Opinion
No. 20192. Department One.
March 24, 1927.
BANKRUPTCY (12) — DISCHARGE — CONCLUSIVENESS AND EFFECT. A discharge in bankruptcy relieves the debtor from any further liability where the indebtedness on a note was properly scheduled in bankruptcy proceedings, giving the correct amount, name of the payee and of the first subsequent holder, and the court having found that the debtor had no knowledge of any other person having an interest in the note.
Appeal from a judgment of the superior court for King county, Moriarty, J., entered March 19, 1926, upon findings in favor of the defendants, in an action on contract, tried to the court. Affirmed.
Hastings Stedman, for appellant.
Wright, Froude, Allen Hilen, for respondents.
Plaintiff brought action on a promissory note made and executed by the defendants, payable to one Richard Moench, endorsed by Alex Silver, and sold to W.A. Rankin. The defendant pleaded failure of consideration and discharge in bankruptcy.
The evidence shows about the following state of facts: That the note in question was executed some time prior to 1921, and was one of a series of notes given in payment of the cost of an ice machine. All of the other notes involved were paid, payment being made through a bank in Seattle. Respondent initiated bankruptcy proceedings and scheduled the indebtedness shown by the note in question, listing it as due Moench and Silver. The trial court found that the notice of the transfer and assignment of the note to the appellant was not given to the respondent until after March 20, 1922, while the discharge in bankruptcy occurred in 1921. An examination of the testimony shows that the evidence is conflicting on this point, but we can not say that it preponderates against the finding of the trial court. The rule is too well settled in this state to require the citation of any authority that, under such circumstances, the findings of the trial court will be sustained.
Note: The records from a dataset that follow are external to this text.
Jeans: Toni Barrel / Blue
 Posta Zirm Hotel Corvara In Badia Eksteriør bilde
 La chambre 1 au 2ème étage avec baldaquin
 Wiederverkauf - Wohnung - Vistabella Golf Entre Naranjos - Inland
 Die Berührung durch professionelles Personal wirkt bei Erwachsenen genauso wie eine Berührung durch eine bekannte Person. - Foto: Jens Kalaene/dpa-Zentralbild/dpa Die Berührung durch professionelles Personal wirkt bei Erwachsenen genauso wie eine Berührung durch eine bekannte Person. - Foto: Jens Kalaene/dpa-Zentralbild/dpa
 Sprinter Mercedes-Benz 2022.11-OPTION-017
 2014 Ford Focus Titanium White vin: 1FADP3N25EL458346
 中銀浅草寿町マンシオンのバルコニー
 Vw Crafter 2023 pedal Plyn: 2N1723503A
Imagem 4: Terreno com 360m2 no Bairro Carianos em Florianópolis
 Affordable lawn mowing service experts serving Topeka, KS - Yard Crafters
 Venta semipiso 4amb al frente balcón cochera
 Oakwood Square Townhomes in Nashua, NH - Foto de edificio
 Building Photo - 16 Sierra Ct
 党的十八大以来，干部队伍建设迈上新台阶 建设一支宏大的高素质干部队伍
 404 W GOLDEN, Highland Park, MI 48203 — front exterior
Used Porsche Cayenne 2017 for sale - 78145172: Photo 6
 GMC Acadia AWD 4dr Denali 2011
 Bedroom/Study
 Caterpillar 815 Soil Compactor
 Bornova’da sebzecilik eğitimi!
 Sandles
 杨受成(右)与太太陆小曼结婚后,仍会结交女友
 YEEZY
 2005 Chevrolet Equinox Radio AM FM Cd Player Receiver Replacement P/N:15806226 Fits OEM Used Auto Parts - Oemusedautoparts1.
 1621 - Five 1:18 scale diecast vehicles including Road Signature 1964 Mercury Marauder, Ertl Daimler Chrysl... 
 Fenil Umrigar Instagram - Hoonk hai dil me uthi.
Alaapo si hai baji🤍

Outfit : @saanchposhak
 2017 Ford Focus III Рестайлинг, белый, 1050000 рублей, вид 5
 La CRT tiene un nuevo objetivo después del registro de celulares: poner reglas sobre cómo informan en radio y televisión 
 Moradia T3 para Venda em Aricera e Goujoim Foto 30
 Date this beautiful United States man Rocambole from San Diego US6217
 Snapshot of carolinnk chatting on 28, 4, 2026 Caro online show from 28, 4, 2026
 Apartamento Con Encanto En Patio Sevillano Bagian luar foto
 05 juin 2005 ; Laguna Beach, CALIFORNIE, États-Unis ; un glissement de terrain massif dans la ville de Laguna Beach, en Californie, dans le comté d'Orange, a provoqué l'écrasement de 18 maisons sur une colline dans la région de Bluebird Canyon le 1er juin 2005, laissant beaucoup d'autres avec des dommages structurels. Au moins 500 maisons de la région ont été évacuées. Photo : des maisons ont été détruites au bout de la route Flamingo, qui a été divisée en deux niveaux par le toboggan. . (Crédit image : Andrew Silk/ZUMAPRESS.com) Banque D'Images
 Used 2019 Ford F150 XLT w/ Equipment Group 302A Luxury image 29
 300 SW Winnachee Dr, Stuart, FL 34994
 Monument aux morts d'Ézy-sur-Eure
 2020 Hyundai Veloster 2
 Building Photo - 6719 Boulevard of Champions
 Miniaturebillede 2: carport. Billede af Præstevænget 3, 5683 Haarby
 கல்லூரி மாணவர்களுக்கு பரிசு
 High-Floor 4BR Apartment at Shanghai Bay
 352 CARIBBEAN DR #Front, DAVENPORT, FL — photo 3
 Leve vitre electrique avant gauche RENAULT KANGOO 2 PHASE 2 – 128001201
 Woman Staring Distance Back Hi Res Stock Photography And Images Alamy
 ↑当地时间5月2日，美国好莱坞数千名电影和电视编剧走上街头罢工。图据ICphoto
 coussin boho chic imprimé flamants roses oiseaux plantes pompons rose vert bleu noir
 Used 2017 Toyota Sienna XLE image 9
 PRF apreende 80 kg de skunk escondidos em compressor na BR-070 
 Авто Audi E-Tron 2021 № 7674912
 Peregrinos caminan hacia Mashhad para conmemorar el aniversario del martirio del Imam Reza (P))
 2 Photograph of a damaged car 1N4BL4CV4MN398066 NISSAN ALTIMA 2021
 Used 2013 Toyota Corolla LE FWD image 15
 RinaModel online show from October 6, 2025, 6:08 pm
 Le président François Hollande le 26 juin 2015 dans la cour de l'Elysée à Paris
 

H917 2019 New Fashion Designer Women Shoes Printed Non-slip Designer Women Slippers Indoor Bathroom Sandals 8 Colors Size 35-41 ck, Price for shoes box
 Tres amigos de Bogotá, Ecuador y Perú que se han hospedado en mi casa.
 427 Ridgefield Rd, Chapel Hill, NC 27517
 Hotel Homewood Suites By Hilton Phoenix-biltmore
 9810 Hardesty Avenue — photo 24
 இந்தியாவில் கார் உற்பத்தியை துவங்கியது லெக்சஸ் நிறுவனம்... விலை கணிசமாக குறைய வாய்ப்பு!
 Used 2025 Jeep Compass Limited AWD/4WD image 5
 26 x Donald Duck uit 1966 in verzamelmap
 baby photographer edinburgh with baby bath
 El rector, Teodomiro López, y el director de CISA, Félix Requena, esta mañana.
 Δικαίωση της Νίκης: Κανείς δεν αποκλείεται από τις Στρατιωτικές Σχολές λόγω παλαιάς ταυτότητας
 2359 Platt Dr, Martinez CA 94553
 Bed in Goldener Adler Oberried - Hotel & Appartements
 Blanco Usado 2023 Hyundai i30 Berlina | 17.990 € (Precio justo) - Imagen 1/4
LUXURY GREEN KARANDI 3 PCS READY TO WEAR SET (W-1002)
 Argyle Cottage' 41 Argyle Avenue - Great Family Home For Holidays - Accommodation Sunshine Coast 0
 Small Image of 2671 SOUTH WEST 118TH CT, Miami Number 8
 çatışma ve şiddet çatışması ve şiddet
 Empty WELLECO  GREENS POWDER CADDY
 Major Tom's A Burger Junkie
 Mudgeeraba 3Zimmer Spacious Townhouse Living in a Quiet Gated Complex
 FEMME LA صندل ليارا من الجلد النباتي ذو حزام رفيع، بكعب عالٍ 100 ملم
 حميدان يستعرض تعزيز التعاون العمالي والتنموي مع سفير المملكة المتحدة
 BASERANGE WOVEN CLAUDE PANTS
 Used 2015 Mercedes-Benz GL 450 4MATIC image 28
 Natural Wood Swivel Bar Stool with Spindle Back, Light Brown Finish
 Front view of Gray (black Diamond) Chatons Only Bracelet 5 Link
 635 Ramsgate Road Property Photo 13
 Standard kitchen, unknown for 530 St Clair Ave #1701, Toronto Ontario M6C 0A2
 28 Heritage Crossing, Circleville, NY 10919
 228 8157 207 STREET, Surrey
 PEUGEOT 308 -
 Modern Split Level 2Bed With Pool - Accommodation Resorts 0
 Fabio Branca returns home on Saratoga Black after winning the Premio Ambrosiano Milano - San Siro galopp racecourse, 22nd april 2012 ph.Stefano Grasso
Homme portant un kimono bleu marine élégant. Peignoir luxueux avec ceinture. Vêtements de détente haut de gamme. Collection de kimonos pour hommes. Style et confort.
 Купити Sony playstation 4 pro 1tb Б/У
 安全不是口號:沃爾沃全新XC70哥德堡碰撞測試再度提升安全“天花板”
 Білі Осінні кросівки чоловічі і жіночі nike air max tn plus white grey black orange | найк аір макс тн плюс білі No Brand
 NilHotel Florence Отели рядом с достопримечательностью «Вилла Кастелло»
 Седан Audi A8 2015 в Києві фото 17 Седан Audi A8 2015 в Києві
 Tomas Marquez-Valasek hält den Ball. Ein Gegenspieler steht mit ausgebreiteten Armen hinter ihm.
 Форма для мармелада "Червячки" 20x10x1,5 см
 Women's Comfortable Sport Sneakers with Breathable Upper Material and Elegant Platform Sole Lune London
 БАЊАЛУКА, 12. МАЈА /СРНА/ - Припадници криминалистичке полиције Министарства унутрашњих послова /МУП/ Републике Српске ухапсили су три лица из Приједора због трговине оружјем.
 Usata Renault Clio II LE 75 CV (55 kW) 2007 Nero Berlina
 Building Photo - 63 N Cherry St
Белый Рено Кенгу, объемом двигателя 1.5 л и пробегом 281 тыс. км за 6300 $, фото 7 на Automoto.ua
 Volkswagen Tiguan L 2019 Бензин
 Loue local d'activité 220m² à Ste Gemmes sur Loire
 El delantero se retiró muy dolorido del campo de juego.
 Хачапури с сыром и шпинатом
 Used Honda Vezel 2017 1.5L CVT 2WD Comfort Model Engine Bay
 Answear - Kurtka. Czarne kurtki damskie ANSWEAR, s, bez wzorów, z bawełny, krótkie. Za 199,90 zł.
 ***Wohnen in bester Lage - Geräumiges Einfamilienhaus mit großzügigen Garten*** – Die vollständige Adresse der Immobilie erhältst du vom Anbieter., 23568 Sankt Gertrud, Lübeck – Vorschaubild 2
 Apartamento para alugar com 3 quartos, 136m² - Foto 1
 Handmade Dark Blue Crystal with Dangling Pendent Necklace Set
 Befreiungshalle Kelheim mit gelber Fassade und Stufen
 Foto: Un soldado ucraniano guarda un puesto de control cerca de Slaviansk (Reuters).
The evidence being practically undisputed that the indebtedness was properly scheduled in the bankruptcy proceedings, giving the correct amount, the name of the payee and the first subsequent holder of the note, and the court having found that the respondent had no knowledge of any other person having any interest in the note, the discharge in bankruptcy relieved respondents from any further liability thereon.
Numerous other questions are discussed by both appellant and respondents, but our conclusion on this branch of the case obviates the necessity of any discussion of those matters.
We conclude that the judgment of the lower court was right. It is therefore affirmed.
MACKINTOSH, C.J., MAIN, MITCHELL, and FULLERTON, JJ., concur.